= WHAT IS REQUIRED =
From the line containing "3305 - 65 Broadway Avenue" through the last line of the entries, set down every line exactly and add nothing.

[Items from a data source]
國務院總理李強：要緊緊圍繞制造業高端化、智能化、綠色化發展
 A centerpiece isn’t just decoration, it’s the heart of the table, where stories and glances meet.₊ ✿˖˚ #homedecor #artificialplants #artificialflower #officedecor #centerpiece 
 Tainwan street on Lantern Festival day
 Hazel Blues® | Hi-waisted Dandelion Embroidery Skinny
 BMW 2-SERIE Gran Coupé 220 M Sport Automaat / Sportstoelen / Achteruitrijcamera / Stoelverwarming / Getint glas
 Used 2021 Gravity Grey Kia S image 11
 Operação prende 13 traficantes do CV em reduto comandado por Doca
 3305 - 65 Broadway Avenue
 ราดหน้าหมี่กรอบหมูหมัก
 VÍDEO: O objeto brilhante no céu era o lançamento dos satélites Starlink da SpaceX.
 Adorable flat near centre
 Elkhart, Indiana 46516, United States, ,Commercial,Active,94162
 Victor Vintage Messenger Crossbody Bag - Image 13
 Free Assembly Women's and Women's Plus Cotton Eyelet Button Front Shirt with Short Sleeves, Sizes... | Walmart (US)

= YOUR SOLUTION =
 3305 - 65 Broadway Avenue
 ราดหน้าหมี่กรอบหมูหมัก
 VÍDEO: O objeto brilhante no céu era o lançamento dos satélites Starlink da SpaceX.
 Adorable flat near centre
 Elkhart, Indiana 46516, United States, ,Commercial,Active,94162
 Victor Vintage Messenger Crossbody Bag - Image 13
 Free Assembly Women's and Women's Plus Cotton Eyelet Button Front Shirt with Short Sleeves, Sizes... | Walmart (US)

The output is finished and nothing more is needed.